A transaction in a queue maintains the old and new row version values. When the transaction is applied at the Publisher, the GUIDs from the transaction and the GUID in the publication are compared. If the old GUID stored in the transaction matches the GUID in the publication, the publication is updated and the row is assigned the new GUID that was generated by the Subscriber. By updating the publication with the GUID from the transaction, you have matching row versions in the publication and in the transaction.
If the old GUID stored in the transaction does not match the GUID in the publication, a conflict is detected. The new GUID in the publication indicates that two different row versions exist: one in the transaction being submitted by the Subscriber and a newer one that exists on the Publisher. In this case, another Subscriber or the Publisher updated the same row in the publication before this Subscriber transaction was synchronized.
Unlike merge replication, the use of a GUID column is not used to identify the row itself, but is used to check if the row has changed.
When you create a publication using queued updating, a conflict resolver instructs the Queue Reader Agent how it should handle different versions of the same row encountered during synchronization. By default, the Publisher wins conflict resolver is set. You can change the conflict resolution policy after the publication is created as long as there are no subscriptions to the publication.
The conflict resolver choices are:
- Publisher wins and the subscription is reinitialized
- Publisher wins
- Subscriber wins
These conflict resolvers maintain transactional consistency at the Subscriber to varying degrees. Reinitializing the Subscriber provides the highest degree of transactional consistency, and Subscriber wins provides the lowest degree of transactional consistency.
Conflicts are recorded and can be viewed using the Conflict Viewer. When using queued updating with snapshot replication, the conflict resolution policy is restricted to reinitializing the Subscriber or Publisher wins. The Subscriber wins conflict resolution policy is not available.
Reinitializing Subscriber to resolve conflicts maintains strict transactional consistency at the Subscriber, but it can be time consuming if the publication contains large amounts of data.
When the Queue Reader Agent detects a conflict, all remaining transactions in the queue (including the transaction in conflict) are rejected, and the Subscriber is marked for reinitialization. The next snapshot generated for the publication will be applied by the Distribution Agent to the Subscriber.
When the conflict resolution is set to Publisher wins, transactional consistency is maintained based on the data at the Publisher. The conflicting transaction is rolled back at the Subscriber that initiated it.

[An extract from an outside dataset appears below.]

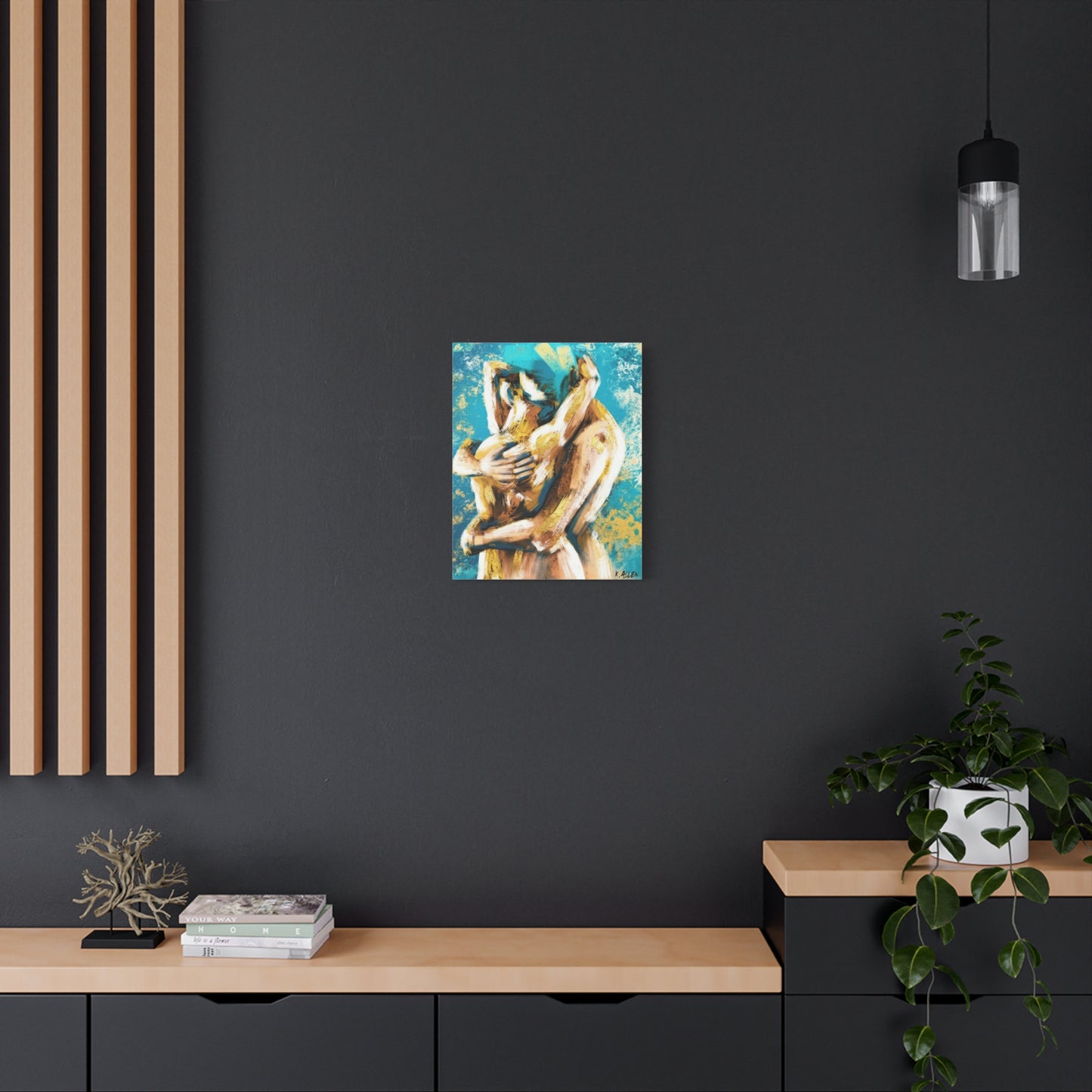 Abstract Embrace Canvas Art - Romantic Couple Matte Stretched Print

The Queue Reader Agent detects a conflict and compensating commands are generated and propagated to the Subscriber by posting them in the distribution database. The Distribution Agent then applies the compensating commands to the Subscriber that originated the conflicting transaction. The compensating actions update the rows on the Subscriber to match the row on the Publisher.
Until the compensating commands are applied, it is possible to read the results of a transaction that will eventually be rolled back to the Subscriber. This is equivalent to a dirty read (read uncommitted isolation level). There is no compensation for the subsequent dependent transactions that can occur. However, transaction boundaries are honored and all the actions within a transaction are either committed, or in the case of a conflict, rolled back.
Conflict detection under the Subscriber wins policy means the last Subscriber transaction to update the Publisher wins. In this case, when a conflict is detected, the transaction sent by the Subscriber is still used and the Publisher is updated. This policy is suitable for applications where such changes do not compromise data integrity.